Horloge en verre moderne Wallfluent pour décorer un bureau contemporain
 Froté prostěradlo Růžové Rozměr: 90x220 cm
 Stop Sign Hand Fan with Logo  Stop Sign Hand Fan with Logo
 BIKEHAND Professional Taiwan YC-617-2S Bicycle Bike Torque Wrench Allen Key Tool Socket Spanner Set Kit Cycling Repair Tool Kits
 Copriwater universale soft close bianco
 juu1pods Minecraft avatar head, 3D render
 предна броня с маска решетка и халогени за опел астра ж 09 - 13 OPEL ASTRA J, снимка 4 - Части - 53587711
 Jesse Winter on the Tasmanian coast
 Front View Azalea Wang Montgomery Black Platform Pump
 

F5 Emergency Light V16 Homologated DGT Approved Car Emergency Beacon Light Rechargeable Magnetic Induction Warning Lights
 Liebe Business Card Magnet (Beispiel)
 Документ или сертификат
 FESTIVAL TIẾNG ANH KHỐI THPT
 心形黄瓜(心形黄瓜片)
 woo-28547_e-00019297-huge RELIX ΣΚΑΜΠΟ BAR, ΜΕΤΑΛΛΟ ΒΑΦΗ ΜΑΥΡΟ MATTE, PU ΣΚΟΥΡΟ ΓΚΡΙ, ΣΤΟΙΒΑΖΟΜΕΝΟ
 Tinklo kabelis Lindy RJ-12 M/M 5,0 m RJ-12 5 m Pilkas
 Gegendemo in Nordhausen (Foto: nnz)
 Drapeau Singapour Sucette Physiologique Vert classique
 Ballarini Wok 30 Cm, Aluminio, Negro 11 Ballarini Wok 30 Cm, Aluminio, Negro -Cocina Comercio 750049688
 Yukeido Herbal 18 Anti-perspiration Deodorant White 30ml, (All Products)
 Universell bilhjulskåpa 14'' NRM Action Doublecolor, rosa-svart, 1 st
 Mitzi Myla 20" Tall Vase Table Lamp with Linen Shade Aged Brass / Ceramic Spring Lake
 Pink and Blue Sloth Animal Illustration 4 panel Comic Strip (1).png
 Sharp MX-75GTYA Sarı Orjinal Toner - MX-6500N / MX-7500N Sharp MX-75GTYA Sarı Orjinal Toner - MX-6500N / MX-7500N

___

PROBLEM REQUIREMENTS: Your task is to extract all of the records exactly.

YOUR RESPONSE:
Horloge en verre moderne Wallfluent pour décorer un bureau contemporain
 Froté prostěradlo Růžové Rozměr: 90x220 cm
 Stop Sign Hand Fan with Logo  Stop Sign Hand Fan with Logo
 BIKEHAND Professional Taiwan YC-617-2S Bicycle Bike Torque Wrench Allen Key Tool Socket Spanner Set Kit Cycling Repair Tool Kits
 Copriwater universale soft close bianco
 juu1pods Minecraft avatar head, 3D render
 предна броня с маска решетка и халогени за опел астра ж 09 - 13 OPEL ASTRA J, снимка 4 - Части - 53587711
 Jesse Winter on the Tasmanian coast
 Front View Azalea Wang Montgomery Black Platform Pump
 

F5 Emergency Light V16 Homologated DGT Approved Car Emergency Beacon Light Rechargeable Magnetic Induction Warning Lights
 Liebe Business Card Magnet (Beispiel)
 Документ или сертификат
 FESTIVAL TIẾNG ANH KHỐI THPT
 心形黄瓜(心形黄瓜片)
 woo-28547_e-00019297-huge RELIX ΣΚΑΜΠΟ BAR, ΜΕΤΑΛΛΟ ΒΑΦΗ ΜΑΥΡΟ MATTE, PU ΣΚΟΥΡΟ ΓΚΡΙ, ΣΤΟΙΒΑΖΟΜΕΝΟ
 Tinklo kabelis Lindy RJ-12 M/M 5,0 m RJ-12 5 m Pilkas
 Gegendemo in Nordhausen (Foto: nnz)
 Drapeau Singapour Sucette Physiologique Vert classique
 Ballarini Wok 30 Cm, Aluminio, Negro 11 Ballarini Wok 30 Cm, Aluminio, Negro -Cocina Comercio 750049688
 Yukeido Herbal 18 Anti-perspiration Deodorant White 30ml, (All Products)
 Universell bilhjulskåpa 14'' NRM Action Doublecolor, rosa-svart, 1 st
 Mitzi Myla 20" Tall Vase Table Lamp with Linen Shade Aged Brass / Ceramic Spring Lake
 Pink and Blue Sloth Animal Illustration 4 panel Comic Strip (1).png
 Sharp MX-75GTYA Sarı Orjinal Toner - MX-6500N / MX-7500N Sharp MX-75GTYA Sarı Orjinal Toner - MX-6500N / MX-7500N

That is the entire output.